Last night when he started chatting to me, I was analysing every word, looking for clues of something amiss and I started to read too much into them and he asked why I was taking everything so seriously. I can’t take words lightly, I am deep and analytical. He has a deep serious side too but enjoys joking, he flirts and compliments me … but again I read deeply into everything and question his intentions and compliments.
Wow!!! Al of this after five days of meeting on a site. He seems to respect my time and doesn’t disturb my time at work or with my son. He asked to see a photo of my son, saying he loves kids but I said I wasn’t comfortable doing that as I hardly knew him. There is a tension of many opposites going on. A very real and urgent need and impatience to be loved with a fearful threat of being hurt joined with excvitement and hope and being triggered by things in the present which take me back to the past too. When he ends a conversation abruptly, I become very hurt and want to lash out at him. Last night that happened at the end of a conversation and I asked him if he always leaves when he doesn’t get his way, but he said he was in a good mood and we should let things unfold and whatever would happen would happen.

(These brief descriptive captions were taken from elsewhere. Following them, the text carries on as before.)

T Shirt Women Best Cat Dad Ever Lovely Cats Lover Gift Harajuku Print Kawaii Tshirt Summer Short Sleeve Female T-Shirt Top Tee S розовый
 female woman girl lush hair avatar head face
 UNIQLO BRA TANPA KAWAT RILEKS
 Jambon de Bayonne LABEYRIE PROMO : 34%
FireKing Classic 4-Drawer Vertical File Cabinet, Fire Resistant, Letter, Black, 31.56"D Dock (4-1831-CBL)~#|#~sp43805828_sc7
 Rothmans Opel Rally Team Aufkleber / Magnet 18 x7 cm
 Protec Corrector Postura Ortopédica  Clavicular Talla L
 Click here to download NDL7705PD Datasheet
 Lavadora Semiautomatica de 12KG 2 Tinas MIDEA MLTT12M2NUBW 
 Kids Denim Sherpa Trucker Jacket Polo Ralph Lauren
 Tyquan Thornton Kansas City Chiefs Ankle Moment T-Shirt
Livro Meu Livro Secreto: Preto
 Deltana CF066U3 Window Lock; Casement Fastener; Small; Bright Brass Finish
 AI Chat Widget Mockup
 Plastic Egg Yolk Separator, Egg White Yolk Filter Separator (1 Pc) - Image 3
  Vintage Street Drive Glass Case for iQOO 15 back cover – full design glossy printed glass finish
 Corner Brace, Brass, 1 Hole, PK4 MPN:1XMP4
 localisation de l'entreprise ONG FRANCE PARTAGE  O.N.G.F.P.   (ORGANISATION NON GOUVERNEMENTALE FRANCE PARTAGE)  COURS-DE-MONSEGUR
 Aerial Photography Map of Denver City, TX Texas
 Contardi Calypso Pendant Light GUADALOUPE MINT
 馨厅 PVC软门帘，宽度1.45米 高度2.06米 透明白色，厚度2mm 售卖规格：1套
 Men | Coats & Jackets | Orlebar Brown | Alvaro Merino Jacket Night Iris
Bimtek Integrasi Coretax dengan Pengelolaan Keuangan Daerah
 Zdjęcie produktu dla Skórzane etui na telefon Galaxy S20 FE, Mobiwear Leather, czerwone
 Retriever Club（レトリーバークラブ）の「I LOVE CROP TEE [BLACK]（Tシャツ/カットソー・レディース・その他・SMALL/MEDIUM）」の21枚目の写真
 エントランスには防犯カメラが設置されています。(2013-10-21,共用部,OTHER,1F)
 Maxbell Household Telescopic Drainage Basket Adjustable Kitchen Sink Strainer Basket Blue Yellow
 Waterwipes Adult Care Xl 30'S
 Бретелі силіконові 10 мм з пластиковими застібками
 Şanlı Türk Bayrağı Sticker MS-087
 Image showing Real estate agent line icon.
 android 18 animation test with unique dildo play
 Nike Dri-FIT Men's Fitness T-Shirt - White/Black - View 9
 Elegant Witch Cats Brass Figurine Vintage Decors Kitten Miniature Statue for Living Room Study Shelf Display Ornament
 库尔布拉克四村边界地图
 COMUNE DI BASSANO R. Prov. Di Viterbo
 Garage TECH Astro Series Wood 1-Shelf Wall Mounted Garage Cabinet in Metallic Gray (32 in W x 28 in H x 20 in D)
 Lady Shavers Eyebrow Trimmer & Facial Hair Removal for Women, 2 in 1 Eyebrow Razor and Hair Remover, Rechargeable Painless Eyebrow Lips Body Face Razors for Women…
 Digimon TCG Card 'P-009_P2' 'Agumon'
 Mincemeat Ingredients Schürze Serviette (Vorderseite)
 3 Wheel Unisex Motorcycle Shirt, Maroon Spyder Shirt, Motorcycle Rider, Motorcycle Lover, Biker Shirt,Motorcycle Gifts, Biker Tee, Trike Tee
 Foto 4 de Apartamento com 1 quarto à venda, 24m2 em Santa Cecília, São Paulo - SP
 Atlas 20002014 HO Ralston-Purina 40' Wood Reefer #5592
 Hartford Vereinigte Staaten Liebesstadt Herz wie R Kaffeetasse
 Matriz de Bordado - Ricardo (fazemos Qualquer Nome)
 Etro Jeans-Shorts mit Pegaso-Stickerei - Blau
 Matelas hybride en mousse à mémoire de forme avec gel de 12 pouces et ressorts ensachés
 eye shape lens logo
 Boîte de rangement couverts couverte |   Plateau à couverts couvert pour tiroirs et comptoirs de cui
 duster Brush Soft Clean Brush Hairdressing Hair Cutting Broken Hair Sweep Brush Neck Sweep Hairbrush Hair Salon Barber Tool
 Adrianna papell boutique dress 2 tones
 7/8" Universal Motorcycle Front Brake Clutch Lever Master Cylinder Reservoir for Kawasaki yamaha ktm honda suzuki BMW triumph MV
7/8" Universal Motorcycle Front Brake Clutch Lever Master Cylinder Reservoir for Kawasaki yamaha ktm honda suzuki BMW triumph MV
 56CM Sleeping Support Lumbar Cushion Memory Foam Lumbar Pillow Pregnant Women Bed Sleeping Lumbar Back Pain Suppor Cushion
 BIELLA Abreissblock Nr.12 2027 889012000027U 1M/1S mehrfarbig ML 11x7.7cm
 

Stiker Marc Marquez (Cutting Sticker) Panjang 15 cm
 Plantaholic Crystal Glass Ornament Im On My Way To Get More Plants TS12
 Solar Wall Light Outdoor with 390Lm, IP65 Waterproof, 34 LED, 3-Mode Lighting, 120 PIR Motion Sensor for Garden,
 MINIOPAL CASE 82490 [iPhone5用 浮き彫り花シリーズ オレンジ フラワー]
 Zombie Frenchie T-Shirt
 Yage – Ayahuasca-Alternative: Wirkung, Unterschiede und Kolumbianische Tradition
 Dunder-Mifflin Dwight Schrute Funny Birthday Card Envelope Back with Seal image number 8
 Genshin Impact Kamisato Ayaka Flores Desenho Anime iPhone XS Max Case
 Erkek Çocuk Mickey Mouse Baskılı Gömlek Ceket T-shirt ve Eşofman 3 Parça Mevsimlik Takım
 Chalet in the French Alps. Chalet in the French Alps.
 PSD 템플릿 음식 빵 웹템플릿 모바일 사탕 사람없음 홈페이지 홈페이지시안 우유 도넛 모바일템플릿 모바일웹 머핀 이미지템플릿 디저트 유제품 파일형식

I am really confused and questioning myself and him and feeling so flawed and ashamed and broken to be so torn in so many directions by a practical stranger. It can’t be this hard for everyone can it? Maybe I can’t do internet connections and I have to have the person in front of me, but I was married and that failed. Should I push him away or should I keep in control and continue chatting and see how things go? Will he hurt me, is he genuine? I have my period and I am also emotional and triggered. Will I have ever have a healthy relationship and put the past behind me? Will this turnout to be a disaster? Will I just keep repeating old patterns or this man the new kind of man that I have attracted due to my new healing self? I am so conflicted; a part of me wants him and another part is pushing him away.